**REQUIREMENT:**
Starting with the line that has "Chartwell Vinyl Powder" in the records below and stopping after the line that has "Ford Transit Custom", output every line exactly and nothing else; skip pictures.

=== DATA RECORDS ===

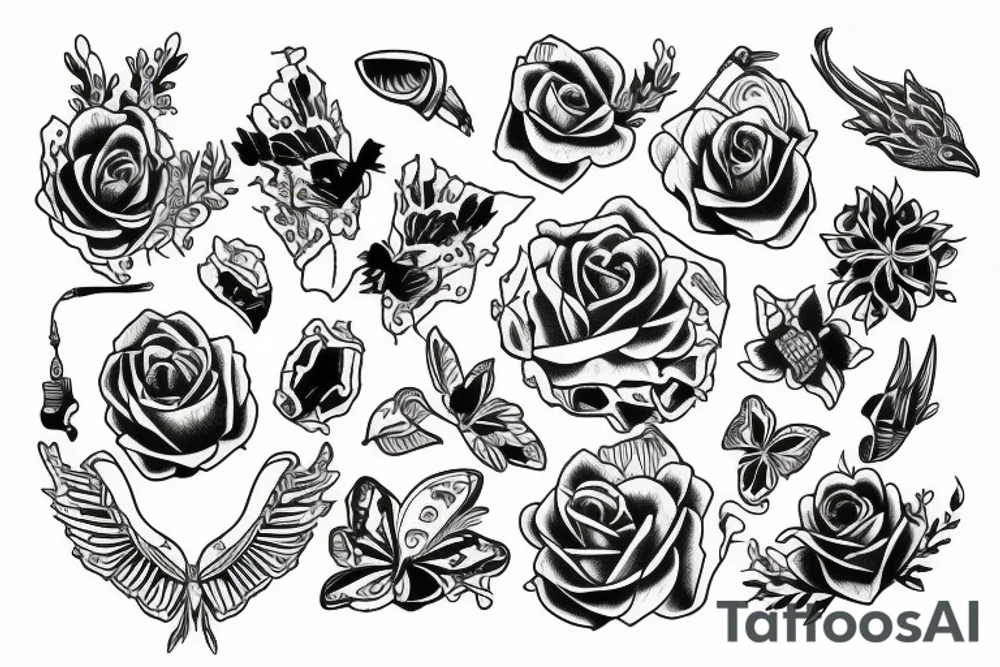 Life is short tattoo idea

===
=== DATA RECORDS ===

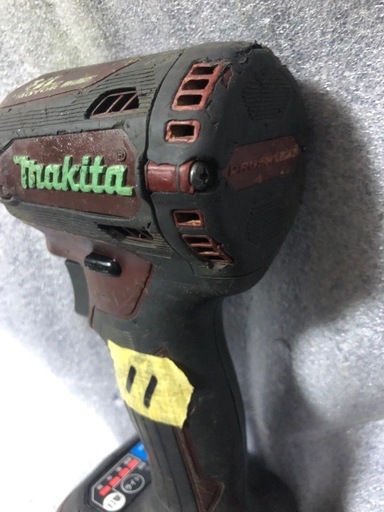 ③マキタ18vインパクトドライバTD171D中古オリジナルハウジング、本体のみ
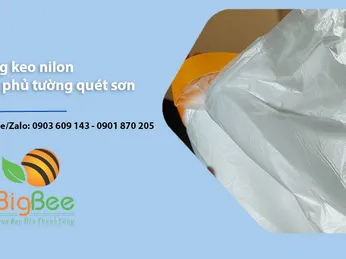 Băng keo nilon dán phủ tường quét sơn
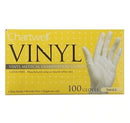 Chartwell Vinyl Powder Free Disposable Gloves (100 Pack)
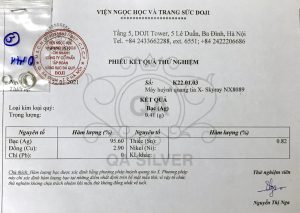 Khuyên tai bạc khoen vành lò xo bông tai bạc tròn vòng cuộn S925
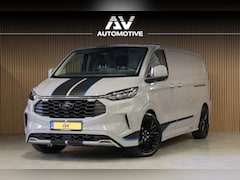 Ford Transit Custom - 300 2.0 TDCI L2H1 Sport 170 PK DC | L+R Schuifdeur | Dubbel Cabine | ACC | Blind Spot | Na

===
=== DATA RECORDS ===

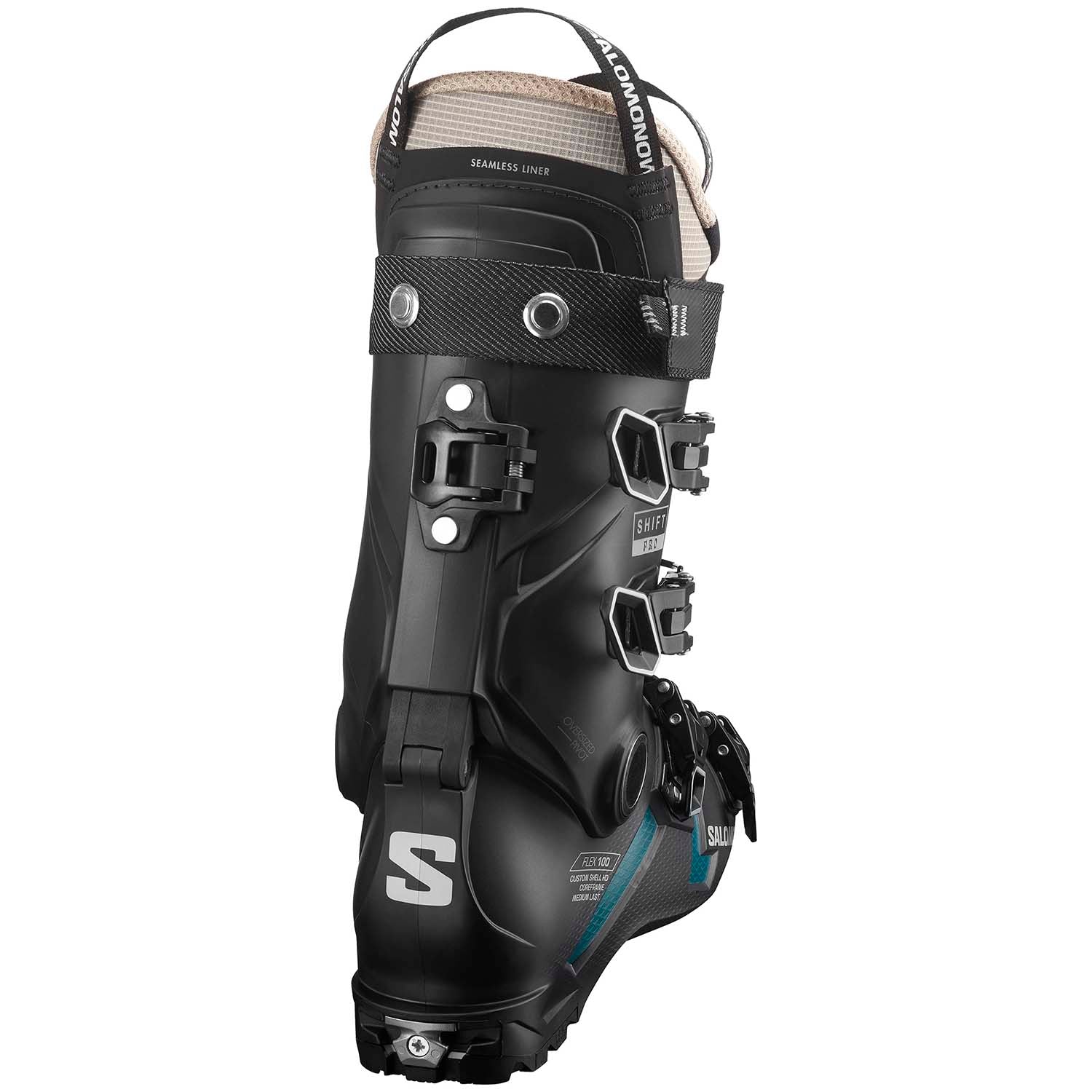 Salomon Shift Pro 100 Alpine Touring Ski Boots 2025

===

**SOLUTION:**
 Chartwell Vinyl Powder Free Disposable Gloves (100 Pack)
 Khuyên tai bạc khoen vành lò xo bông tai bạc tròn vòng cuộn S925
 Ford Transit Custom - 300 2.0 TDCI L2H1 Sport 170 PK DC | L+R Schuifdeur | Dubbel Cabine | ACC | Blind Spot | Na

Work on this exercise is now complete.